The "establishment" probably love seeing that, but they still shake their heads and say "that's Rand, he gets a pass because his dads a crackpot, I could never do that..." Their long time advisers really do believe that too.

No conspiracy needed, they are just you or I would be if we had to deal with Nancy Pelosi for 20 years...
1 year ago
1 year ago Link To Comment
In the days of Tammany, the cities were a source, not a sink, of money.
1 year ago
1 year ago Link To Comment
We have a nation. In many ways our nation is not the same as when it was founded. Nor can we go back in history and recreate it. An important issue is what role will be the middle class role and presence in the rebuilding of our nation?

So this hinges of this - Which Middle Class? For we have 2. We have the inheritors of Victorians whose middle class society was based on standards, values and virtues.

And we have the Edwardians which is based on clique formation.

Victorian sensibilities are what are you? what can you do? In short a meritocracy.

Edwardian sensibilities are who do you know? What are your connections? How does what you think and believe fit in with what we think and believe.
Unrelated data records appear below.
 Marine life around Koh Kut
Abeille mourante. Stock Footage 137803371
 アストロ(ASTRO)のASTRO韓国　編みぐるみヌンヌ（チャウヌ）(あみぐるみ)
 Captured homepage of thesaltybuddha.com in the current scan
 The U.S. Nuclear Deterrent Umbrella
Victorians did not care for and were divergent from that Left cultural movement called Bloomsbury. Edwardians embraced it. Edwardians are Lord of the Flies. Victorians are Peter Pan.
1 year ago
1 year ago Link To Comment
I think you're overstating your case just a bit. I read the article Golway wrote, which you linked to, and it starts out by listing the things that Tammany did that were wrong, stealing elections, various levels of political corruption, etc. He also notes that while they were accommodating to various European immigrants, from Italy and Eastern Europe, and even Jews, they were also indifferent to the problems of Blacks and later Hispanics. *Then* he takes a different tack, and recounts the things that they did which he believes show a different side of the organization, supporting people in the community in various ways, many of them personal and one-on-one.
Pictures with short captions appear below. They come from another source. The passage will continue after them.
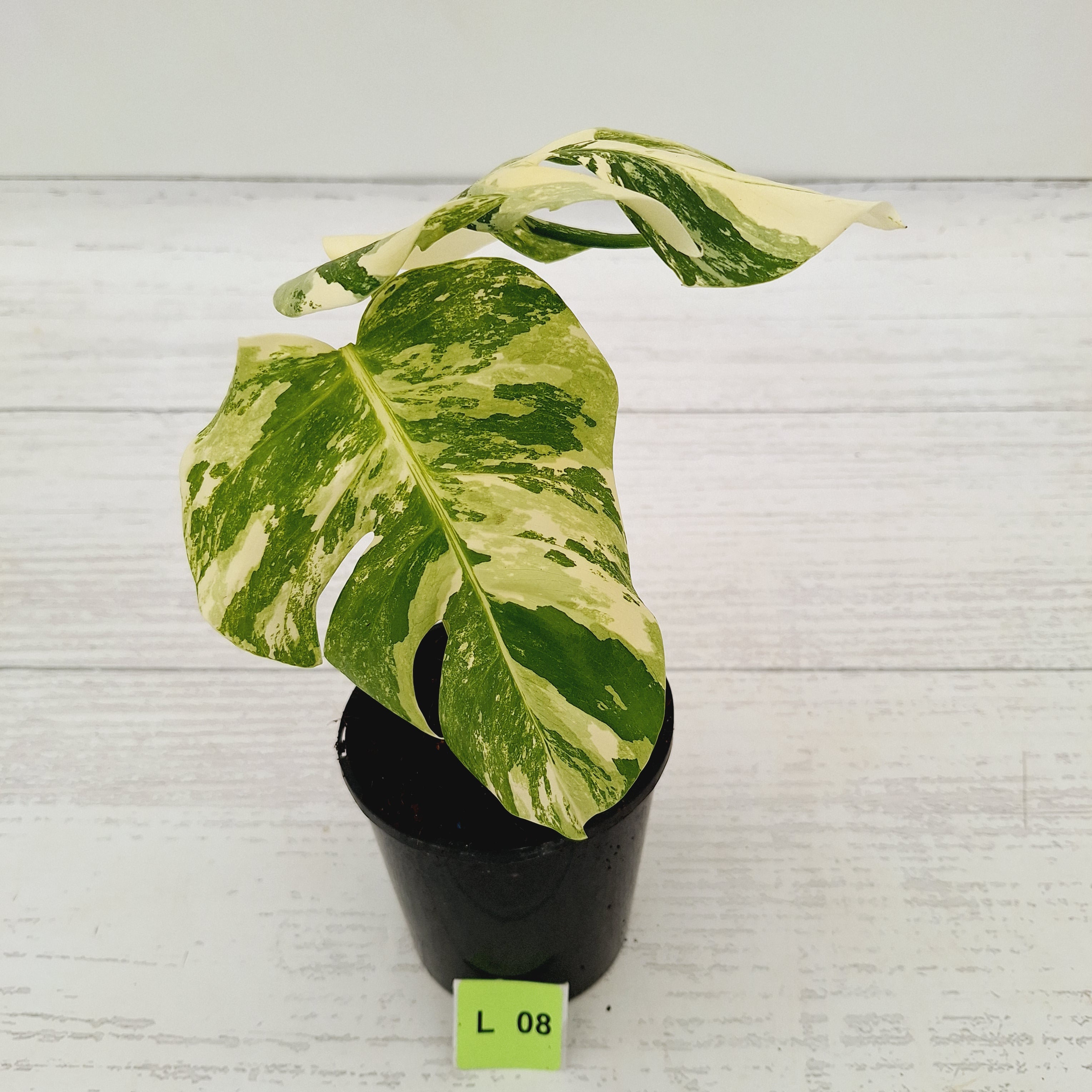 Monstera borsigiana &#39;Albo&#39;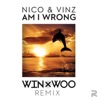 Nico & Vinz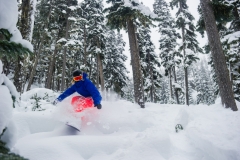 Deep December powder turns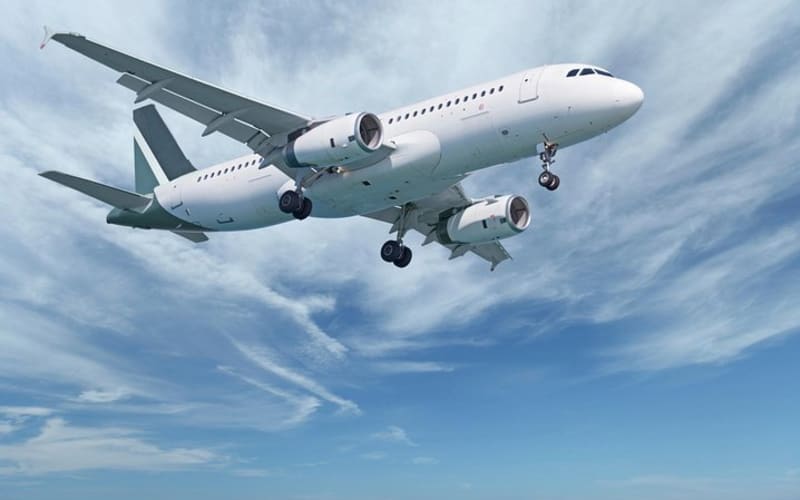 Private Arrival Transfer: Amman Airport to Petra Hotels - main image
I've read another of his books (he did a biography of Revolutionary War general Nathaniel Greene 8 years ago) and thought him a good writer, balanced and intelligent. I get where you're coming from, and I'm not so interested in returning to the days of Ward bosses, ballot box stuffing, and patronage, but that wasn't exactly what he was advocating. I'd wait for the book so we have a more full view of what he's saying...
1 year ago
1 year ago Link To Comment
Yeah. I'm sure glad the days of stealing elections are over.
1 year ago
1 year ago Link To Comment
Golway's reputation and the jacket text suggest the book will not ignore the corruption, true, but my point doesn't depend upon what precisely Golway advocates or his scholarly skill. We potentially have a growing immigrant population largely trapped in a needy state and some intellectual noise about how Tammany wasn't all bad. Even if all the politicians have wonderful intentions--highly unlikely--corruption will set quickly and easily in such circumstances.